If you want to select particles by standard deviations with
respect to the average score, the parameter is
score_nstd: number of standard deviations to add to the average
score when setting cutoff. Negative values are less restrictive,
positive values are more restrictive.
For example,
auto score_nstd 2
will select all the particles whose score is better than average
plus two times the standard deviation. In your specific case, you
would set this parameter to 0 to select all the particles whose
score is above the average.
In addition to it, you can control if applying the threshold to
each stack separately with the parameter global_select, already
present in the continue file.
global_select: if set to a non-zero value, then selection criteria
are applied globally across particle parameter files. Otherwise,
selection criteria are applied on a per stack basis.
TESTING MULTIPLE THRESHOLDS DURING THE ITERATIVE ALIGNMENT
In addition to setting just one threshold, you can try different
thresholds, but only within one selection criterion, in order to
see which one gives the reconstruction with the higher resolution.
Therefore the map generated at each iteration will be calculated
from this optimal subset. As a note of caution, the test is
repeated at each iteration, and it involves generating multiple
reconstructions, which can slow down the program considerably.

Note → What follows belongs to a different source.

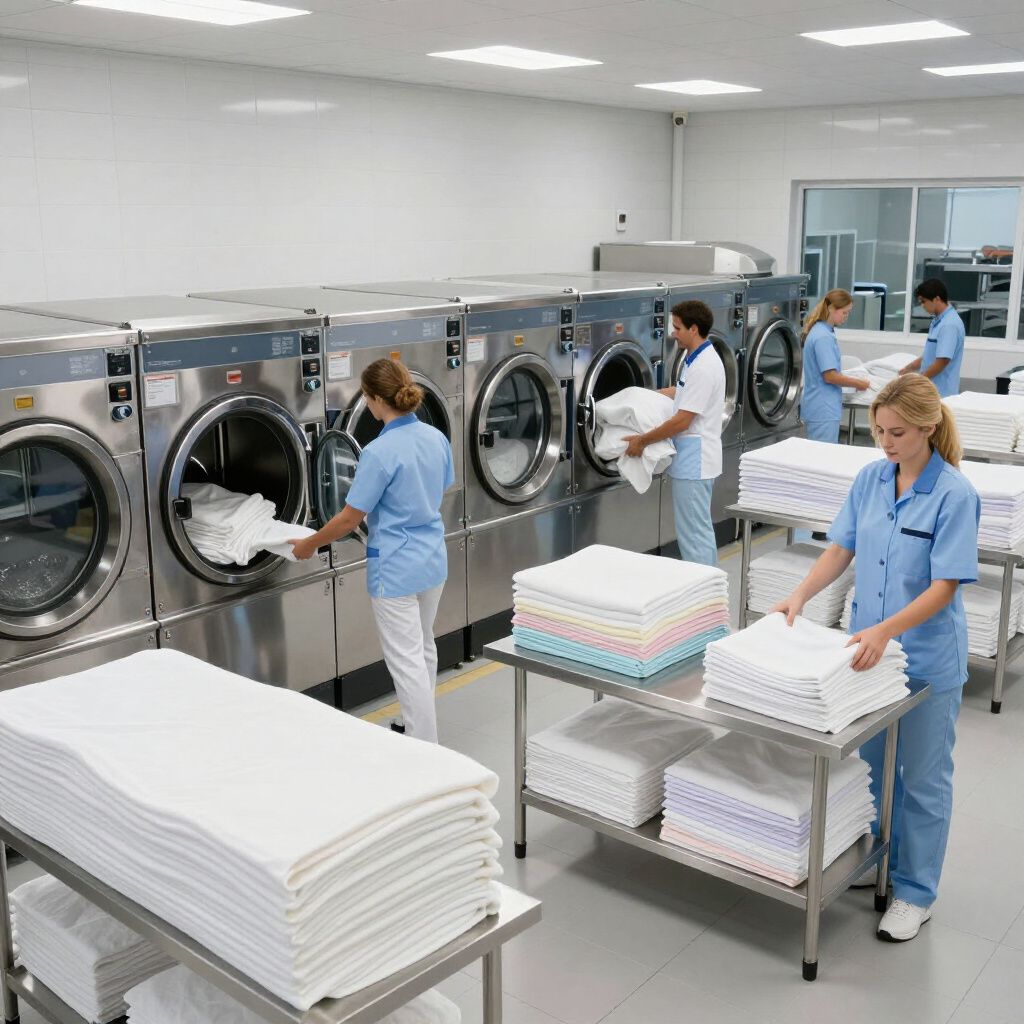 Des personnes trient et plient du linge blanc dans une buanderie, à côté de grandes machines à laver.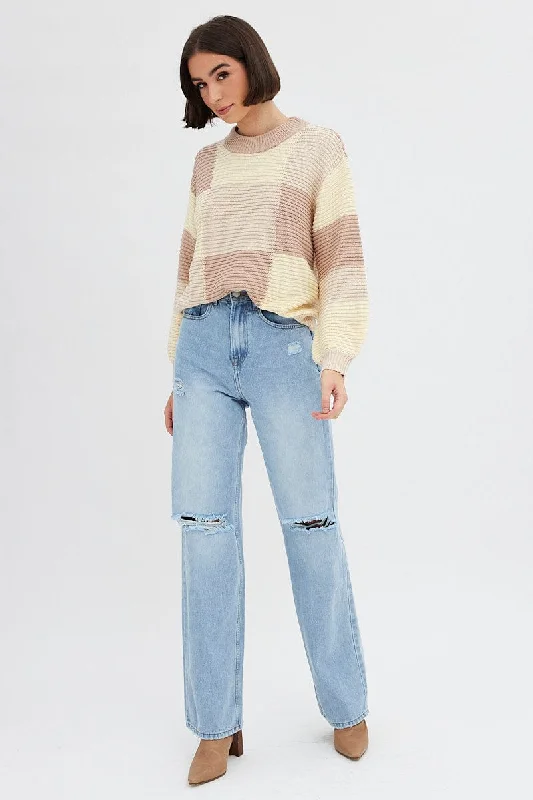 Beige Knit Top Round Neck Long Sleeve Patchwork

If you want to do this, then you use two additional parameters:
nselect_offset and select_delta.
nselect_offset basically determines how many tries
(nselect_offset*2+1 because the threshold is always changed
towards both directions around the central value), while
select_delta is the step to apply for each try.
Here some simple examples
Example 1:
auto score_fraction 0.75
auto score_nstd 0
auto nselect_offset 0
auto select_delta 0
At each iteration the program will only use 75% of particles,
those with the best score.
Example 2:
auto score_fraction 0.75
auto score_nstd 0
auto nselect_offset 5
auto select_delta 0.05
At each iteration the program will try the following percentages
of best particles (for each one it will determine the resolution)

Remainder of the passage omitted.